As shown in FIG. 1, an image forming apparatus in accordance with an embodiment of the present general inventive concept may include an image forming apparatus body 10, a pickup device 20 to pick up a printing medium one by one, a print head 30 to eject or inject ink onto the printing medium being conveyed to form an image, an ink supply device 100 to supply ink into the print head 30, and a controller 40 to control operations of a variety of drive elements. In addition, the image forming apparatus body 10 may include a printing medium supply panel 51 on which the printing medium is loaded, a feeding roller 52 to convey the picked-up printing medium to the print head 30, a platen 53 located below the print head 30 and to support the printing medium being conveyed, a discharge roller 54 to discharge the printing medium undergoing a printing operation, and a printing medium discharge panel 55 on which to load the printing medium to be discharged.
In the ink-jet image forming apparatus in accordance with the embodiment of the present general inventive concept illustrated in FIG. 1, if the pickup device 20 picks up the printing medium one by one, which is loaded on the printing medium supply panel 51, the feeding roller 52 conveys the picked-up printing medium to the platen 53. Then, if the printing medium reaches the platen 53, the print head 30 ejects ink onto the printing medium being conveyed based on an image signal to form an image on a surface of the printing medium. The printing medium, having passed through the print head 30, the printing medium is guided to the printing medium discharge panel 55 by the discharge roller 54.

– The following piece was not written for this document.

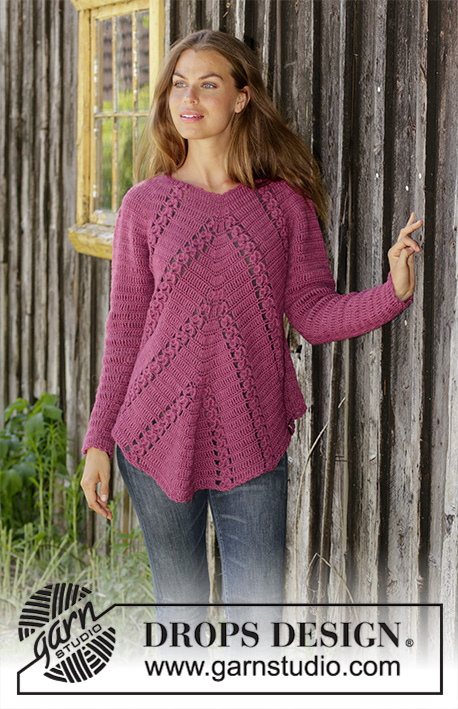 Free Crochet Pattern for a Raglan Sweater with Angled Fans and Lace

While the print head 30 ejects ink onto the printing medium on the basis of the image signal, the ink supply device 100 supplies the ink, which is stored in an ink tank 60, into the print head 30. It is noted that a printing defect may occur when an insufficient amount of ink is supplied into the print head 30, or the ink may overflow from the surface of the print head 30 when an excessive amount of ink is supplied. Therefore, the ink supply device 100 has to be designed to supply an appropriate amount of ink according to the ejection amount of ink from (e.g., output by) the print head 30. An ink channel unit 70 to guide the supply of ink into the print head 30 is installed between the print head 30 and the ink supply device 100. The ink channel unit 70 may serve to evenly supply the ink into a plurality of nozzles (not shown) provided in the print head 30. The ink channel unit 70 may be internally formed with an ink flow path (not shown) for the flowing of ink.
The ink supply device 100, as illustrated in FIG. 2, includes a body 110 having an ink flow path formed therein, a flow regulating valve 120 to regulate the flow of ink through the inner flow path of the body 110, and a solenoid valve 130 to operate the flow regulating valve 120.

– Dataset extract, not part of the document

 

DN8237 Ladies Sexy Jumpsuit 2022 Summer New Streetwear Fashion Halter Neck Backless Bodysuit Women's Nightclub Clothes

The body 110 is formed by stacking a plurality of plates 110 a, 110 b, 110 c, and 110 d one above another. The body 110 is internally include an ink discharge path 111, an ink introduction path 113, a first chamber 112, and a second chamber 114. Also, a connecting path 115 is formed between the first chamber 112 and the second chamber 114 for the passage of ink. The connecting path 115 is opened or closed by the flow regulating valve 120. The ink discharge path 111 can connect the first chamber 112 to the ink channel unit 70, and the ink introduction path 113 can connect the second chamber 114 to the ink tank 60. Accordingly, the ink stored in the ink tank 60 of FIG. 2 is first introduced into the second chamber 114 through the ink introduction path 113, and thereafter, is supplied into the ink channel unit 70 through the connecting path 115, the first chamber 112, and the ink discharge path 111 in sequence.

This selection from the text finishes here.